## Records provided
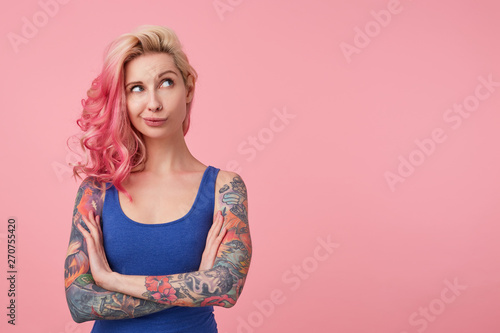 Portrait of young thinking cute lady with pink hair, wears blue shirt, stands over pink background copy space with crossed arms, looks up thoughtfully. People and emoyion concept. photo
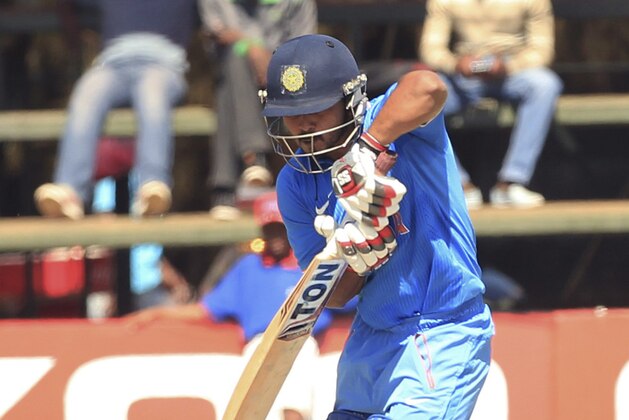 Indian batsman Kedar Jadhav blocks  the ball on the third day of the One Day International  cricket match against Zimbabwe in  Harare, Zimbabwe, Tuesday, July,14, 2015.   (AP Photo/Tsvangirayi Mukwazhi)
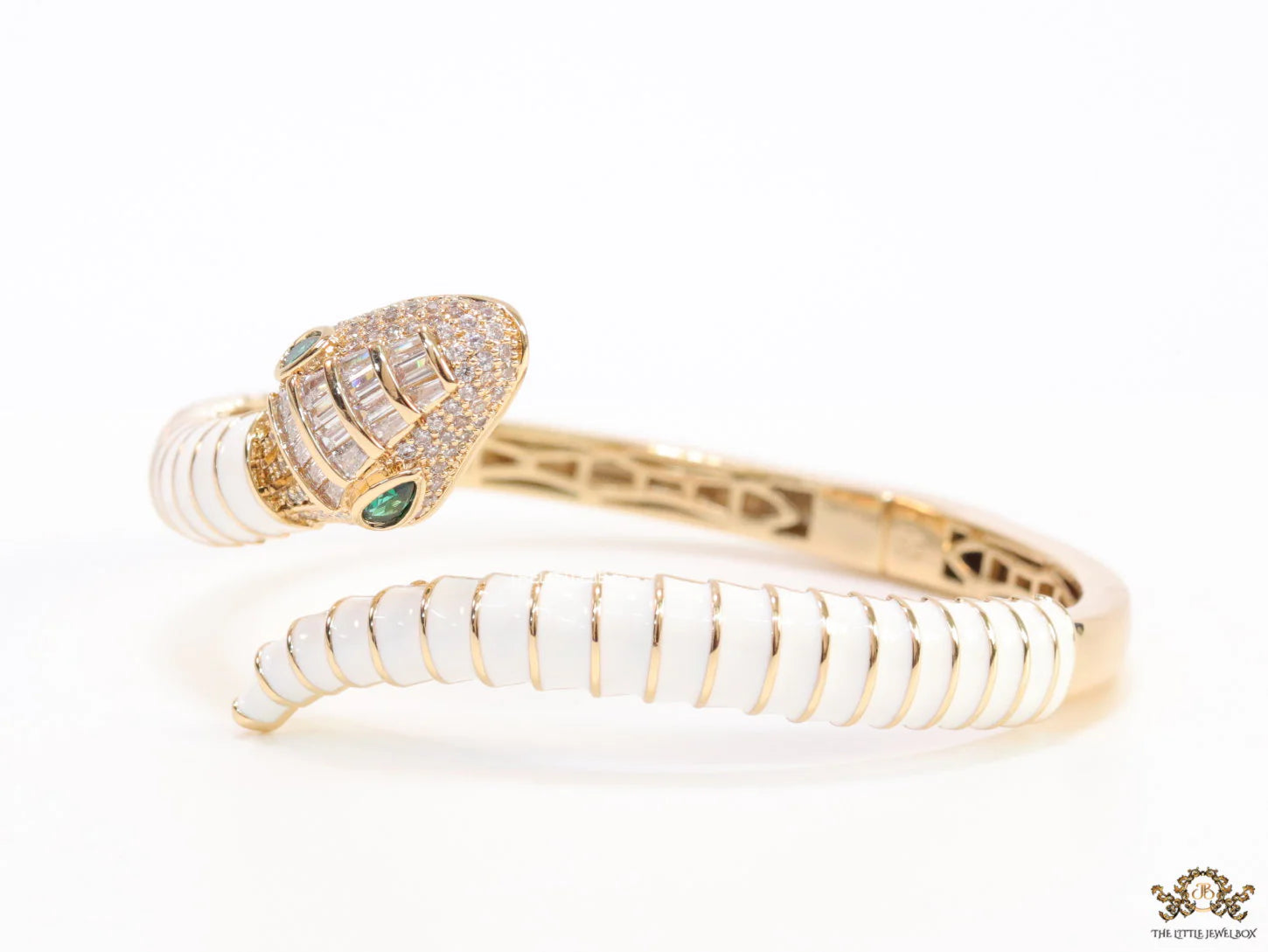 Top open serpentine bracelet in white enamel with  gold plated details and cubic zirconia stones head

* * *

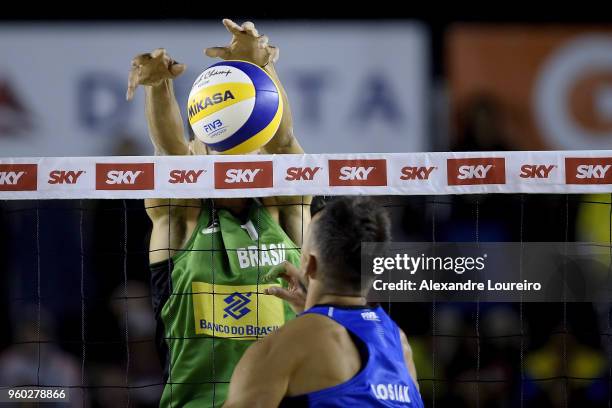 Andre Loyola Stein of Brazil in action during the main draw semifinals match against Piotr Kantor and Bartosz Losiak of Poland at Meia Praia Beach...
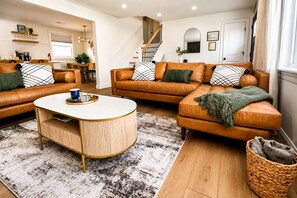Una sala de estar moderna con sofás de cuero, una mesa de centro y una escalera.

## Activity
The lines to copy exactly start with the line above that has "Andre Loyola Stein" and go on through the line that has "Una sala de"; please include both, add nothing else, and omit the pictures.

## Completed exercise
 Andre Loyola Stein of Brazil in action during the main draw semifinals match against Piotr Kantor and Bartosz Losiak of Poland at Meia Praia Beach...
Una sala de estar moderna con sofás de cuero, una mesa de centro y una escalera.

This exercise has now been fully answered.